[THE TASK]:
Please return the lines from the one with "27. Molluscum Contagiosum" through the end of the listing below, word for word, with every picture left out.
====== INFORMATION PROVIDED
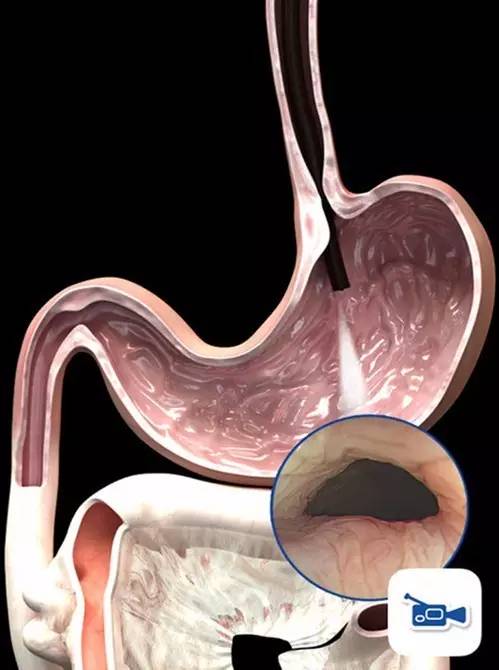 D136-狗吐了一只鞋,还有三只消失了,怎么破?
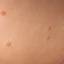 27. Molluscum Contagiosum Early Stages Pictures
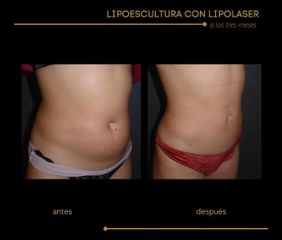 Lipoescultura - Dra. Marta Payá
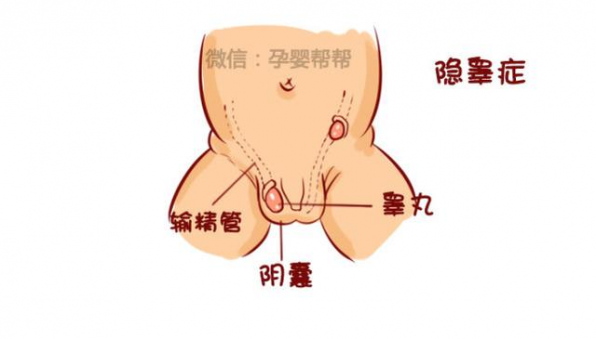 陰囊毛囊炎的癥狀，武漢出現起確診病例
============
[SOLVED EXERCISE]:
 27. Molluscum Contagiosum Early Stages Pictures
 Lipoescultura - Dra. Marta Payá
 陰囊毛囊炎的癥狀，武漢出現起確診病例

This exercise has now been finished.